Some of the hydrocarbon molecules are small, some are medium sized and some are large. At an oil
refinery the mixture is separated into different fractions of hydrocarbons which contain similar sized molecules, this is easily
done since similar sized molecules have similar boiling points.
The image below shows what happens to the crude oil
at the oil refinery and explain how it is separated into its various fractions.
At the oil refinery:
- The crude oil passes through a hot pipe in a furnace, this vapourises most of the hydrocarbon molecules in the oil.
- The oil then enters the fractionating column. This is a tall narrow cylinder with a temperature gradient,
it gets cooler the higher you go up the column.

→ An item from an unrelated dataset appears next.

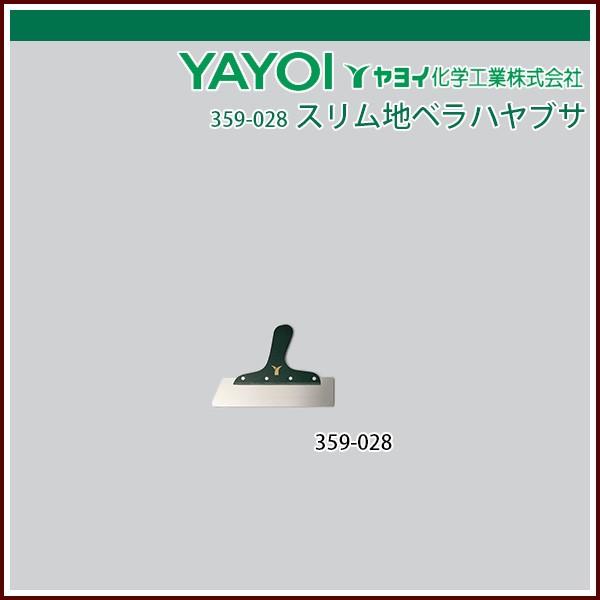 Cw XnxnuT 240mm 1.2mm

- The hot vapours rise inside the fractionating column. When a hot vapour (gas) meets a surface cooler
than its boiling point then it will condense. This is why for example if you boil a kettle too close to
a cool window condensation collects on the window. The steam from the kettle which maybe around 1300C,
hits the window which is cooler than the boiling point of water, so the steam condenses. The same process
will happen inside the fractionating column. Hot vapours will rise until they meet a bubble cap cooler
than their boiling point, the vapours will then condense and the liquids formed will be run off and
- Any fraction or part of the oil that was not vapourised falls to the bottom of the column and is collected. This will be the fractions containing bitumen (tar) and greases.
- The larger or longer the hydrocarbon molecule the higher
will be its boiling point. The fractionating column will basically separate out molecules by their boiling points into separate fractions. Each fraction will
contain many different hydrocarbon molecules each with a similar boiling point.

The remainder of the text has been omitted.